Cleanups of unauthorized homeless encampments in Seattle will no longer be monitored by the city’s civil-rights office, officials confirmed Wednesday.
That role will be assumed by staffers from the city’s office of Finance and Administrative Services (FAS), said department director Chris Potter.
Potter said civil-rights monitors are taking part in encampment removals now and will through the end of the year. But starting Jan. 1, the monitors will no longer be involved, he said.
An FAS field coordinator will be present at every removal, however, Potter said. That person will have the authority to halt removals not being carried out in accordance with the city’s protocols, he said.
If something goes wrong, “They’ll call off the cleanup,” Potter said.
The reason for the change was not immediately made clear. While the monitors have had a “positive impact,” the city is moving forward with “routinizing camp removals and cleanups,” Potter said at a Wednesday City Council committee meeting.
City Councilwoman Lisa Herbold called the move “premature,” adding that she will ask Mayor Ed Murray to reconsider.

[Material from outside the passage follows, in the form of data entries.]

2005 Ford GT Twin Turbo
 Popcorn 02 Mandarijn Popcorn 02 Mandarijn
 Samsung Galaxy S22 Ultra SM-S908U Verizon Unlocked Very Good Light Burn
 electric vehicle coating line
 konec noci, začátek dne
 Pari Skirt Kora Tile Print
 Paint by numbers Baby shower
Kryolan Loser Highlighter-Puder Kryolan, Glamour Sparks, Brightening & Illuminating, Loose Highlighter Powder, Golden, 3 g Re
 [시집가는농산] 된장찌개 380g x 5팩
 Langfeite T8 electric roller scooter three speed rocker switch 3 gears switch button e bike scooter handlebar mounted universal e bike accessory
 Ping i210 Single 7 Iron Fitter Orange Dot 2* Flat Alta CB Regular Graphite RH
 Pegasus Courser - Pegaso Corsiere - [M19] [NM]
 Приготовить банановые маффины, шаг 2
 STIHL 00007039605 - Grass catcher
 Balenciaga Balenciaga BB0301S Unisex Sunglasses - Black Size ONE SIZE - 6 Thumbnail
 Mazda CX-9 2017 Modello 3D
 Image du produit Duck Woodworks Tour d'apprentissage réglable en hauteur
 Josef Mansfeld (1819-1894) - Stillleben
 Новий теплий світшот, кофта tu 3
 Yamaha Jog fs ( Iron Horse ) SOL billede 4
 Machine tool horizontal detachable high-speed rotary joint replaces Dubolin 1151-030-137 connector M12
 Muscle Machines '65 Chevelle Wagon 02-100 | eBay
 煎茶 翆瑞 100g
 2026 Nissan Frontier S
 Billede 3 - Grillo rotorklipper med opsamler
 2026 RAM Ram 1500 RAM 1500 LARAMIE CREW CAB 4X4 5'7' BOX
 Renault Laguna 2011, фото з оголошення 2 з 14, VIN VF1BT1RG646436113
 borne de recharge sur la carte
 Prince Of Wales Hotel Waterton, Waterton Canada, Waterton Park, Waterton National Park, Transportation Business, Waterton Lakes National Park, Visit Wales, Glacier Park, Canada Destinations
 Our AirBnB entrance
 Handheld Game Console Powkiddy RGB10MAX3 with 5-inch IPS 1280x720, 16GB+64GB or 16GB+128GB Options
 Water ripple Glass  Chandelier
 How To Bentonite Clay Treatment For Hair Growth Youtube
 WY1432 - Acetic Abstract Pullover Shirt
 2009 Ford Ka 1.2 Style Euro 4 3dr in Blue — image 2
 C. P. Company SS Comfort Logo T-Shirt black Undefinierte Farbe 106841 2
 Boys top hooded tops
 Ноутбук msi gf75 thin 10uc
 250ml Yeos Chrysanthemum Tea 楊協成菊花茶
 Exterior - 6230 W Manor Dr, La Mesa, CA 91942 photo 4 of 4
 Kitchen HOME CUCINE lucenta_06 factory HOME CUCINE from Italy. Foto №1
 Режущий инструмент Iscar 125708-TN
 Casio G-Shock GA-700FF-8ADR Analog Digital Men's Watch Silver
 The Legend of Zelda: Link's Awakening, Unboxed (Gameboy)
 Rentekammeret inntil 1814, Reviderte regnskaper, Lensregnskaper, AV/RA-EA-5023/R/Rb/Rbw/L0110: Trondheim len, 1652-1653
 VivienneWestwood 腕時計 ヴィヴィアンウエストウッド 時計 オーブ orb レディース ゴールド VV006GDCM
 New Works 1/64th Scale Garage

“It’s pretty clear that the monitoring has some real value,” Herbold said in an interview. The civil-rights office staff are more likely to make sure the city is doing the right thing “as it relates to the rights of individuals who are living outside” as opposed to being focused on managing public land, she said.
Representatives from the city’s Office of Civil Rights have been monitoring the cleanups since August, when Murray announced the program in a public note acknowledging flaws in the city’s approach to cleaning up the camps.
An August Seattle Times report found the cleanup process beset by a variety of bureaucratic failures, including missed start-times and camper complaints of lost belongings and personal keepsakes.
To help improve the city’s process, Murray empowered the monitors to halt and reschedule sweeps whenever they found that the city’s cleanup protocols were not followed.
But even as administrators began planning additional improvements, the city’s struggles to carry out the cleanups humanely and at scheduled times continued, according to handwritten notes reviewed by The Seattle Times.
From September to early November, 26 sweeps were conducted across Seattle.
Two were stopped by monitors after the Seattle Police Department officers assigned to provide security during the cleanup left, the notes state.
Another two were called off before they began when monitors found campers weren’t provided proper notice about the cleanups.
According to city officials, additional improvements to the city’s camp-cleanup protocols are still in the planning stages. The proposed changes are part of a plan the mayor unveiled in October, when the City Council was debating changes related to illegal camping.
The mayor’s plan heads off an August City Council ordinance initially proposed by the American Civil Liberties Union (ACLU), Columbia Legal Services and other groups that advocate for the rights of the homeless.
Additional details of the mayor’s proposed plan are scheduled for release to the City Council in January.